Help!! Integer Math?

[Melanie]

As I understand it...

Subtracting adval-adval1 gives you positive Celcius.

Therefore adval1-adval would give you negative Celcius. The math is the same. Conversion to Farenheit is more tricky. But stop and think before you go any further...

If you Reference everything to a single numeric value... say a value of 0 in a BYTE (or WORD) variable, equals the lowest Temperature you are likely to encounter (example -100C). Do your (positive or negative math) so you have ONE positive going linear scale, from that lowest Temperature reference point. Then it's a simple matter of calculating C or F using that one variable.
Example.

Say a count of ONE of (adval-adval1) equals 1C positive then.

So...

If adval>adval1 then
TEMP=100+(adval-adval1)
else
TEMP=100-(adval1-adval)
endif

Now we have a single variable TEMP which holds a linear representation of our whole Temperature range. Now from this variable we can calculate C or F easily.

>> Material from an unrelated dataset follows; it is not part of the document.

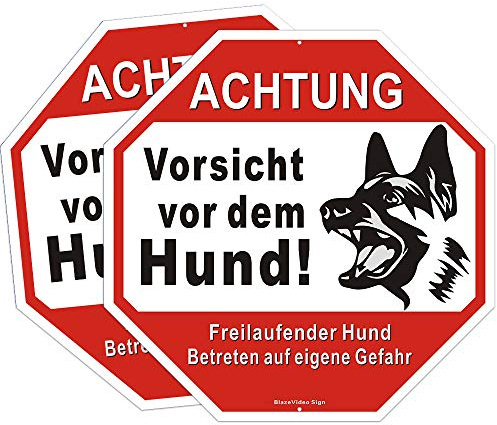 Warnung vor dem Hund Schilder-Achtung Hund Schild Gebürstetes Metall Vorsicht Hund Schild 2 Stück 12 * 12 Zoll
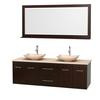 Centra 72 In. Double Vanity in Espresso with Ivory Marble Top with Ivory Sinks and 70 In. Mirror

In our above example a count of 100 is 0C. Anything over 100 is positive, and anything lower than 100 is negative.

If TEMP<100 then
TEMPB=100-TEMP
LCDOut "-",#TEMPB," C"
else
TEMPB=TEMP-100
LCDOut #TEMPB, "C"
endif

[scottl]

Hi Melanie,

I have been out of the office today! I was working on this late last night and come up with the following:

if adval > adval1 then
celsius = adval - adval1
farenheit = (celsius * 18)/10
farenheit = farenheit + 32
status = 0
else
celsius = adval1 - adval
farenheit = (celsius * 9)/5
farenheit = 32 - farenheit
status = 1
endif

if (status = 1) & (celsius > 32) then
sign = "-"
else
sign = "+"
endif

I will try your code tonight!

Thanks for your help,

Scott